Slips, Mistakes and Single Point Human Error
The problem with human error and irreversible commands is that humans tend to make errors quite frequently, but we also use feedback from the environment to detect and correct them. Unfortunately irreversible commands remove the ability to correct an error, so you are left with a high base rate of human error and the potentially dire consequences of such an error.
Using the model of human error developed by James Reason (1990) one can categorise human error as broadly mistakes (errors in intention) and slips (errors in execution). Of particular interest in this discussion are slip type errors that can result in a direct single erroneous output, because such slips are a recurring element of accident causation (3). Of these slip type ‘description’ errors, where correct actions are applied to the wrong things (4) are a candidate error type that could cause a single point human error.
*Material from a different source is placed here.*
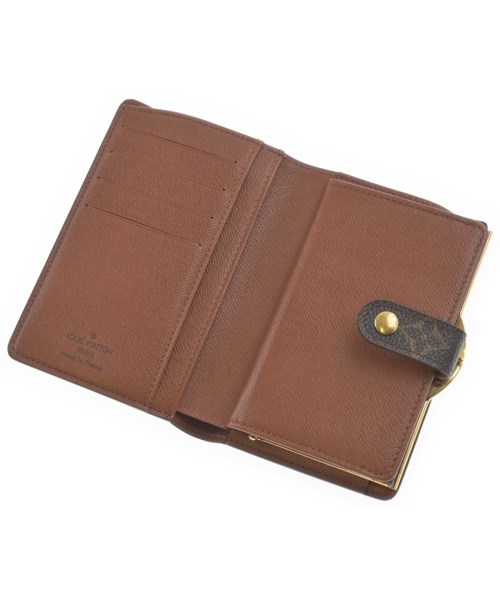LOUIS VUITTON（ルイヴィトン）財布・コインケース 茶 サイズ:- レディース/2200671774301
So how common would this sort of human error be? One likely scenario would be the operator is performing a routine task makes an error and throws the wrong switch. As it turns out in systems with standardised switch layouts it’s actually fairly common for description errors to occur. For example an operator may confuses one switch with another in a bank of switches (5) and throws the wrong switch.
One approach to rectifying this is simply to code (identify) controls and/or functionally group them to reduce the ambiguity of controls and the likelihood of incorrect selection (6). But although we have reduced the likelihood of mis-selection we are still left with a potential SPOF action. Another approach is to introduce a series of actions that must be completed before the irreversible command can be issued, which gets rid of the SPOF action. For example one could require that an independent ‘arm’ or ‘release consent’ operator input be provided (7) and then a separate ‘initiate/fire’ operator command be required. In some circumstances the master arm input itself may be guarded and require two separate physical actions to perform. This again increases the length and difficulty of the activation task as well as protecting from the human error of inadvertently knocking the switch to the on position. In the most extreme case we may require two operators to independently input a command or require the confirmation of the command’s validity by another operator prior to execution.
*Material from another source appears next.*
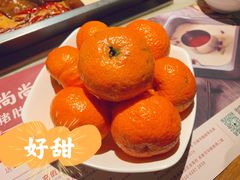 -尚尚仙·酸汤猪手·猪肚鸡火锅(华联万柳购物中心店)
Note that requesting operator confirmation of the validity of a command does not constitute a true independent actuation step. Researchers have shown time and time again that such confirmations tend to be caught up in the same mistakes of intent that initiated the command in the first place.
The overall philosophy may be summarised as, ‘actions that could cause difficulties, should be difficult to action’, or simply that to move the system towards an irreversible, and potentially more hazardous state, should always take more effort than moving it into a safer state. The more effort required the more an operator must think about the need for that action and the less likely it is to be an ‘automatic’ response.
Reason, James., Human error, Cambridge University Press, New York, 1990, ISBN: 9780521314190.
Dismukes, K., Berman, B., Loukopolous, L., The Limits of Expertise – Rethinking Pilot Error and the Causes of Airline Accidents, Ashgate Pub., 2007.
1. Such commands can (for example) include the firing of thermal batteries, launch, stage separation, pyrotechnic firing and weapon ejection or fire commands.
2. If a command channel consists of a serial chain of components then the failure of a single component could initiate the safety critical function.
3. Slips and oversights have been implicated by Dismukes, Berman and Loukopolous (2007) in two of six overlapping error patterns for aviation accidents. These error patterns involved the conduct of highly practiced during both routine and challenging (high stress) conditions.
4. As an example, pilots of the Fokker F27 were prone to such an error due to the design of the brake and rudder pedal layout. The wheel brakes are situated just above the rudder pedals and pilots, intending to apply brakes on landing, frequently applied the rudder pedals instead.
5. Central controls are the most problematic to distinguish between.
6. An example of this effect is the numerous of pilots who selected wheels up rather than flaps down during landing because of the close location and similar feel of these control levers.
This led the FAA specifying shape coding to differentiate these controls, where upon the rate of pilot description errors fell of dramatically.
7. This ‘arm’ command may also be AND gated with other environmental or safety signals to decrease the likelihood of it being inappropriately given.